Em minha prática como cirurgião-dentista em Aracaju, considero que o primeiro passo é compreender quando o quadro precisa de uma avaliação odontológica rápida e quando existem sinais de uma emergência médica.
Neste artigo, você entenderá as principais causas da dor de dente forte, o que pode ser feito temporariamente, por que antibióticos não são indicados automaticamente e quando procurar atendimento em Aracaju.
ATENÇÃO: inchaço próximo aos olhos ou no pescoço, dificuldade para respirar, engolir ou falar, aumento rápido do inchaço, confusão, desmaio, grande prostração ou sangramento intenso exigem atendimento hospitalar. Não aguarde resposta pelo WhatsApp.
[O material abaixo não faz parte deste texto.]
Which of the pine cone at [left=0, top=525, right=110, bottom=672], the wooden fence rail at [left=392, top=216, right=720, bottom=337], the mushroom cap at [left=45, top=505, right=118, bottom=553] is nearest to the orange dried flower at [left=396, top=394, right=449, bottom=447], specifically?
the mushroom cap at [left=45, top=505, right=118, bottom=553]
Procure uma emergência ou ligue para o SAMU 192.
O QUE VOCÊ VAI ENCONTRAR NESTE ARTIGO
- Por que a dor é um sintoma e não um diagnóstico
- Principais causas de dor de dente forte
- Cárie profunda e inflamação da polpa
- Infecção na raiz e abscesso
- Fraturas, trincas e restaurações
- Problemas gengivais e dentes do siso
- Sensibilidade, retração e desgaste
- Bruxismo e sobrecarga da mordida
- O que as características da dor podem indicar
- Quando procurar atendimento odontológico rápido
- Quando procurar emergência hospitalar
- Por que a dor pode diminuir sem o problema desaparecer
- Como é realizado o diagnóstico
- Como a causa pode ser tratada
- Quando antibióticos podem ser indicados
- Analgésicos e riscos da automedicação
- O que fazer até receber atendimento
- Dor, infecção dentária e saúde geral
- Como reduzir o risco de dor intensa
- Avaliação da dor de dente em Aracaju
- Leia também
- Fontes de referência
- Perguntas frequentes
- Agende sua avaliação
DOR DE DENTE É UM SINTOMA, NÃO UM DIAGNÓSTICO
A palavra “dor de dente” reúne sensações que podem ter origens diferentes.
Ela pode ser:
- Espontânea;
- Provocada pelo frio, calor ou doce;
- Desencadeada pela mastigação;
- Breve ou prolongada;
- Localizada ou difícil de identificar;
- Contínua ou intermitente;
- Pulsátil ou em pressão;
- Mais intensa ao deitar;
- Associada ou não a inchaço.
Essas características ajudam a direcionar o exame, mas nenhuma delas permite confirmar sozinha se existe cárie, necessidade de tratamento de canal, infecção ou fratura.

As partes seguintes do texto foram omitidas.